Start of Block

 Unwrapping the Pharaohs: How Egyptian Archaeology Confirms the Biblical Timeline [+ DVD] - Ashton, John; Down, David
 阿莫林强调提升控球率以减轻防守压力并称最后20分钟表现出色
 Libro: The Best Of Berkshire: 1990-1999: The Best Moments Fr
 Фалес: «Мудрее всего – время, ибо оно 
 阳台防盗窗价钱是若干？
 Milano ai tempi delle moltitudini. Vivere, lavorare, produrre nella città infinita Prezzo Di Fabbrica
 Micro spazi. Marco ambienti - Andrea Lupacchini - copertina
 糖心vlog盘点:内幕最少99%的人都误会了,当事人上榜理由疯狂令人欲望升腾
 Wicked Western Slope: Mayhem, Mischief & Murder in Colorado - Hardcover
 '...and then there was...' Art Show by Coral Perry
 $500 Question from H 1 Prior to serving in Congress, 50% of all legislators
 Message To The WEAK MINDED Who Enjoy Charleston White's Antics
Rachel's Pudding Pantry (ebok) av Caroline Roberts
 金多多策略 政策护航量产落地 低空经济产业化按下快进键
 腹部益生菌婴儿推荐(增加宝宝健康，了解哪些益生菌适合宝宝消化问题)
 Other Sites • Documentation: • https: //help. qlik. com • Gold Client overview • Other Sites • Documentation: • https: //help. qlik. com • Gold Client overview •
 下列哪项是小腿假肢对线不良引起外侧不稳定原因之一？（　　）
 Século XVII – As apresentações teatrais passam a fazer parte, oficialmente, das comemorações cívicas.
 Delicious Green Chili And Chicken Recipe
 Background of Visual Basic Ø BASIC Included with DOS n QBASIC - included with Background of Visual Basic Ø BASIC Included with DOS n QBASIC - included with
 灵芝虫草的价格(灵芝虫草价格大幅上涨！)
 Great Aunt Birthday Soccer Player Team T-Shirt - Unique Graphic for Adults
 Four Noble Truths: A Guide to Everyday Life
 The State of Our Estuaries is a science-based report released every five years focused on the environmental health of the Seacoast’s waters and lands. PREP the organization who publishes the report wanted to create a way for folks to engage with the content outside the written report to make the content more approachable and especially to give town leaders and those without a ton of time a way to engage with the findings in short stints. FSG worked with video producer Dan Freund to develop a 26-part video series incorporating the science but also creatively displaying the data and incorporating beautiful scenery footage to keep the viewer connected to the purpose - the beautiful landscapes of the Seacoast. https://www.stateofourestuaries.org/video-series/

End of Block

_Task to carry out_. The lines above from the one with "Libro: The Best" through the one with "糖心vlog盘点:内幕最少99%的人都误会了,当事人上榜理由疯狂令人欲望升腾" are to be duplicated exactly, ends included, with nothing added.

_Worked solution_.
 Libro: The Best Of Berkshire: 1990-1999: The Best Moments Fr
 Фалес: «Мудрее всего – время, ибо оно 
 阳台防盗窗价钱是若干？
 Milano ai tempi delle moltitudini. Vivere, lavorare, produrre nella città infinita Prezzo Di Fabbrica
 Micro spazi. Marco ambienti - Andrea Lupacchini - copertina
 糖心vlog盘点:内幕最少99%的人都误会了,当事人上榜理由疯狂令人欲望升腾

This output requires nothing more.